- TO DO
Each entry needs to appear again, retyped exactly as it is below.
══ MATERIAL FOR THE TASK ══
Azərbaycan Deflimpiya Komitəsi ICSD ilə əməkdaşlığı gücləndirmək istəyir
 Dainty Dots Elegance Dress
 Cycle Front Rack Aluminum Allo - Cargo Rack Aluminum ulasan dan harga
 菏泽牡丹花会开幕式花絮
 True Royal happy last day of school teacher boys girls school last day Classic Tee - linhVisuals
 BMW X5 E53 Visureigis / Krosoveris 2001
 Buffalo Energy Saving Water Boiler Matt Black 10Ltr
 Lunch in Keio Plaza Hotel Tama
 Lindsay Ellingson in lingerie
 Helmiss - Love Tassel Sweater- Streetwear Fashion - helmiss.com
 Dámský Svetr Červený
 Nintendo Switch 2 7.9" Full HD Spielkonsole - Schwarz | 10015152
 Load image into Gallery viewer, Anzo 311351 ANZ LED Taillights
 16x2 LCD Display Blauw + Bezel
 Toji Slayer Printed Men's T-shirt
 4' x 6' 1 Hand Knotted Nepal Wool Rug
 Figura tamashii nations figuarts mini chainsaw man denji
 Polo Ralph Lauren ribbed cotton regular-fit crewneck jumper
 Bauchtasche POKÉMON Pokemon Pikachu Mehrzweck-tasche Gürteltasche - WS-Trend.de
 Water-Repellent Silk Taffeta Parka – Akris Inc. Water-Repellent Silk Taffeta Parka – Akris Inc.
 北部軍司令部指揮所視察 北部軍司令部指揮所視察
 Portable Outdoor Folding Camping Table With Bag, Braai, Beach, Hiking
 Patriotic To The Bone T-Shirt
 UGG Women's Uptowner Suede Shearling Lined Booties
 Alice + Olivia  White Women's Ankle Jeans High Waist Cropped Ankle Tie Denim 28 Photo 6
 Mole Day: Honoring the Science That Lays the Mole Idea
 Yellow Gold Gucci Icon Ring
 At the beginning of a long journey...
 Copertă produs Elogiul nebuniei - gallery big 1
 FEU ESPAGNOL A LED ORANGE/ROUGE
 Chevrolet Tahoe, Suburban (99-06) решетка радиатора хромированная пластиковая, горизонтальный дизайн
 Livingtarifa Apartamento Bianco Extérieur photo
═══
- SOLUTION TO THIS EXERCISE
Azərbaycan Deflimpiya Komitəsi ICSD ilə əməkdaşlığı gücləndirmək istəyir
 Dainty Dots Elegance Dress
 Cycle Front Rack Aluminum Allo - Cargo Rack Aluminum ulasan dan harga
 菏泽牡丹花会开幕式花絮
 True Royal happy last day of school teacher boys girls school last day Classic Tee - linhVisuals
 BMW X5 E53 Visureigis / Krosoveris 2001
 Buffalo Energy Saving Water Boiler Matt Black 10Ltr
 Lunch in Keio Plaza Hotel Tama
 Lindsay Ellingson in lingerie
 Helmiss - Love Tassel Sweater- Streetwear Fashion - helmiss.com
 Dámský Svetr Červený
 Nintendo Switch 2 7.9" Full HD Spielkonsole - Schwarz | 10015152
 Load image into Gallery viewer, Anzo 311351 ANZ LED Taillights
 16x2 LCD Display Blauw + Bezel
 Toji Slayer Printed Men's T-shirt
 4' x 6' 1 Hand Knotted Nepal Wool Rug
 Figura tamashii nations figuarts mini chainsaw man denji
 Polo Ralph Lauren ribbed cotton regular-fit crewneck jumper
 Bauchtasche POKÉMON Pokemon Pikachu Mehrzweck-tasche Gürteltasche - WS-Trend.de
 Water-Repellent Silk Taffeta Parka – Akris Inc. Water-Repellent Silk Taffeta Parka – Akris Inc.
 北部軍司令部指揮所視察 北部軍司令部指揮所視察
 Portable Outdoor Folding Camping Table With Bag, Braai, Beach, Hiking
 Patriotic To The Bone T-Shirt
 UGG Women's Uptowner Suede Shearling Lined Booties
 Alice + Olivia  White Women's Ankle Jeans High Waist Cropped Ankle Tie Denim 28 Photo 6
 Mole Day: Honoring the Science That Lays the Mole Idea
 Yellow Gold Gucci Icon Ring
 At the beginning of a long journey...
 Copertă produs Elogiul nebuniei - gallery big 1
 FEU ESPAGNOL A LED ORANGE/ROUGE
 Chevrolet Tahoe, Suburban (99-06) решетка радиатора хромированная пластиковая, горизонтальный дизайн
 Livingtarifa Apartamento Bianco Extérieur photo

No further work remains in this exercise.